Problem
An exact copy of all the lines below is required, with every image left out.
== Supplied material ==
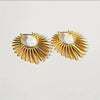 Metal Sun Flower Retro Earrings Female Light Senior Sense Exaggerated Fan Ear Buckle Attendance Cocktail Stud Fan - Image 3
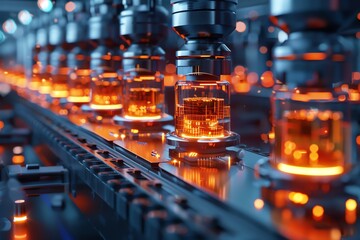 Aufkleber - Automated manufacturing of glowing electronic components.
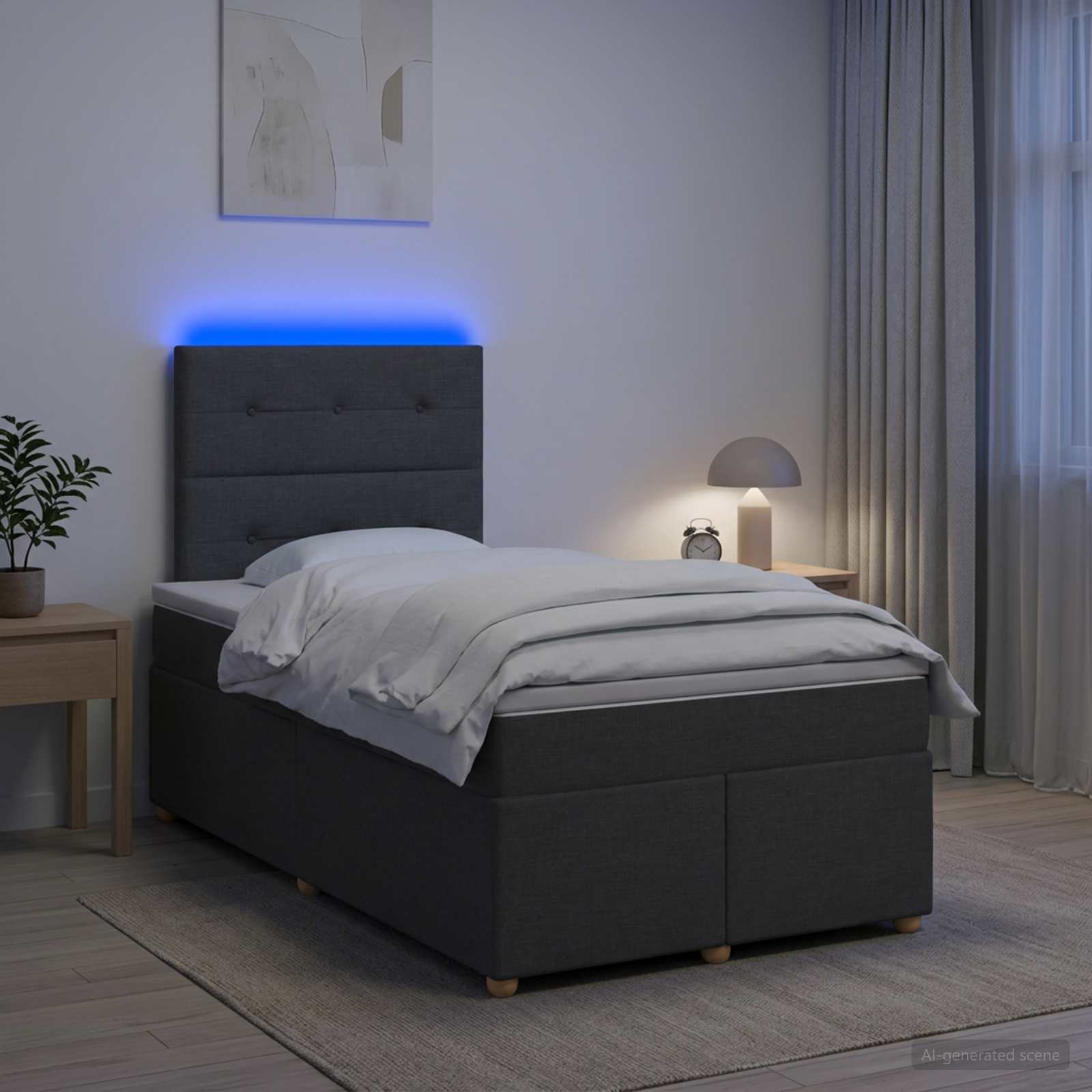 3455323_1.jpg vidaXL Posteľ boxspring s matracom Tmavosivá 120 x 200 cm Látka – Obrázok 1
===
Task solution
 Metal Sun Flower Retro Earrings Female Light Senior Sense Exaggerated Fan Ear Buckle Attendance Cocktail Stud Fan - Image 3
 Aufkleber - Automated manufacturing of glowing electronic components.
 3455323_1.jpg vidaXL Posteľ boxspring s matracom Tmavosivá 120 x 200 cm Látka – Obrázok 1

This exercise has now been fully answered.